ProteinProspector Server Administration

Purpose

This document provides instructions for common ProteinProspector administrative tasks on both UNIX and Microsoft Windows platforms.


  1. Obtain FASTA formatted sequence database files for the seqdb directory:

    Locations to download FASTA formatted database files via ftp:

    The Ludwignr database is a non-redundant database made up from several smaller databases contained in the directory ftp://ftp.ch.embnet.org/pub/databases/nr_prot. You need to download the ones you are interested in individually and then concatenate them together to make one file. To do the concatenation on the UNIX operating system you can use the cat command from the command line. For Windows NT one option is to download some Windows Explorer extensions which include a concatenation feature. http://www.funduc.com/explorer_extensions.htm.

  2. Uncompress and rename the database files according to the format: Genpept.##, Owl.##, SwissProt.##, NCBInr.##, dbEST.##, Ludwignr.##. The prefixes shown in italics (Genpept, Owl, SwissProt, NCBInr, dbEST or Ludwignr) are a necessary part of the name, which allow the software to differentiate the specific dialect of the FASTA format comment line used in each database. You may also use the corresponding lowercase prefixes gen, owl, swp, nr, or dbest. They can also be used for a second database that is of the same format as the uppercase one. If you want to know more details, please read the FA-Index manual, particularly the filenaming sections.

  3. Create indices in the seqdb directory for each database, by using the program.
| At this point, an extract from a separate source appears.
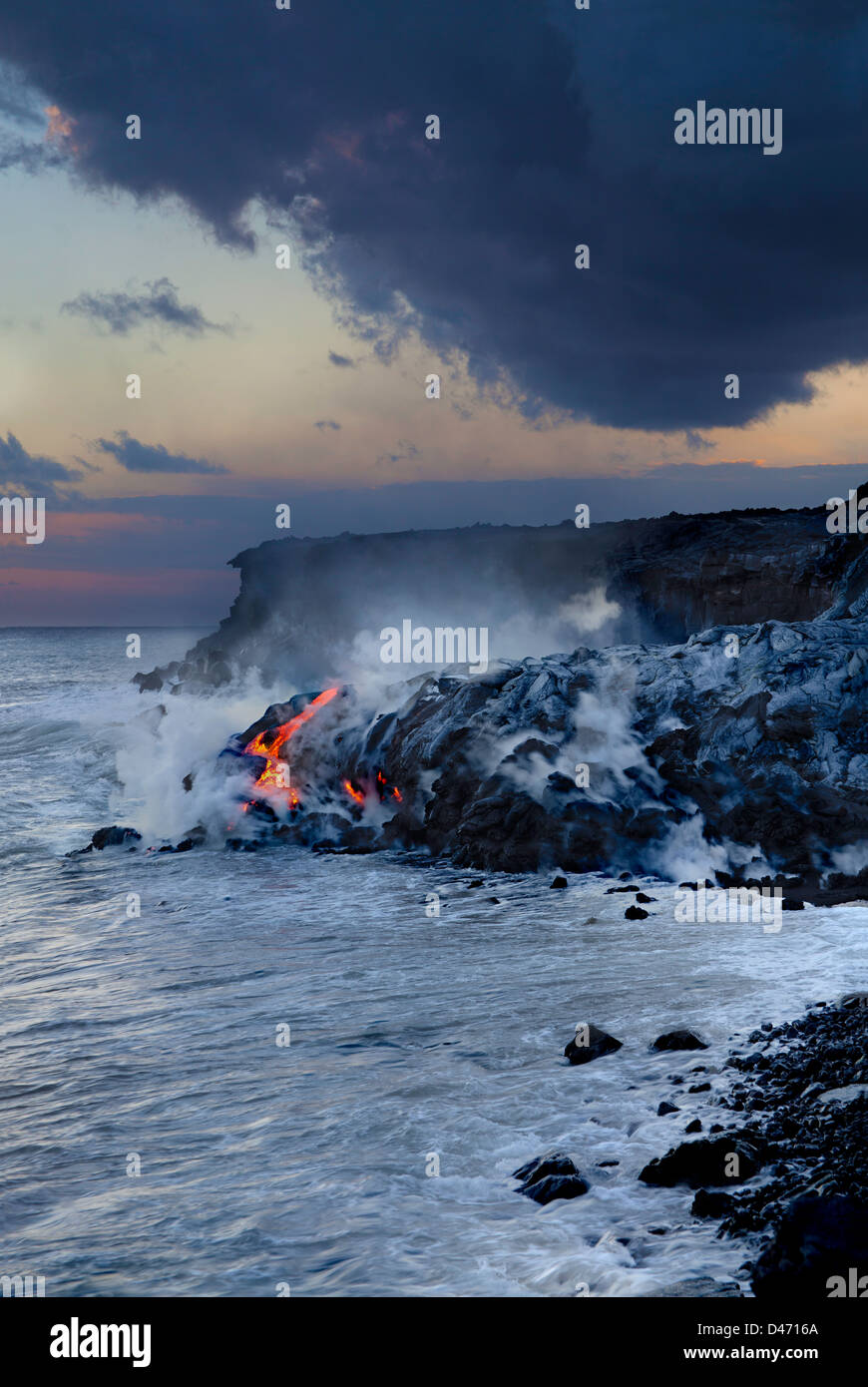 La lave pahoehoe découlant de Kilauea a atteint l'océan Pacifique près de Kalapana, Big Island, Hawaii. Banque D'Images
The indicies are necessary for preliminary filtering by species, protein MW and protein pI. FA-Index must be run after each update of a database, even if the update is done by only adding new entries to the end of the original file.

    If you really want to know what FA-Index does and why, please read the manual. Don't even think about trying to use proprietary databases or update databases daily, UNLESS you read the FA-Index manual, particularly the generic database filenaming sections.

    FA-Index will create a file with a .usp suffix (eg. Genpept.r95.usp) where it writes the comment line for each FASTA entry which the FA-Index program cannot parse out the species. Viewing this file can help troubleshoot FASTA format problems for anyone using proprietary databases.

  4. Update the database list on the HTML forms.


Edit the file: acclinks.txt

The database accession number in the search results has an HTML link to retrieve the complete entry including comments from a remote database. In order for this link to be created the programs need to know the URL for the remote database. This is accomplished through parameters contained in the acclinks.txt file. Occasionally the URL's to the remote database may need to be updated, or new ones added for a new database. This requires editing of the acclinks.txt file.

Within the acclinks.txt file an entry for an HTML link from the accession number MUST contain 1 line:

The line must contain the following information:

  1. The prefix name for the database as listed in the HTML input page for each program. The prefix should be long enough to uniquely identify the database or set of databases you wish to refer to.
  2. The URL to link to if the accession number for the entry is added to the end of the URL. The URL addition is internal to the programs and is expected to retrieve a fully annotated entry from a remote database.

    Note that this link need not be to a sequence database. The link could be to whatever a ProteinProspector server administrator specifies.

Example:

Below is an example of the entries for Genpept in acclinks.txt:

Genpept http://www3.ncbi.nlm.nih.gov/htbin-post/Entrez/query?db=p&form=6&dopt=ng&uid=
gen http://www3.ncbi.nlm.nih.gov/htbin-post/Entrez/query?db=p&form=6&dopt=ng&uid=

The lowercase prefixes gen, owl, swp, or nr are intended to be used for a second database that is of the same format as the uppercase one. See Linking for creating links into NCBI databases.

As mentioned above the prefix name can refer to a single database or a set of databases. For example if you have two user created databases called PA3_mouse and PA33_mouse, an entry in the acclinks.txt file of the form:

PA3 some_url_prefix

would give the databases the same accession number link. On the other hand entries of the following form:

PA3 some_url_prefix
PA33 another_url_prefix

would give the databases different accession number links.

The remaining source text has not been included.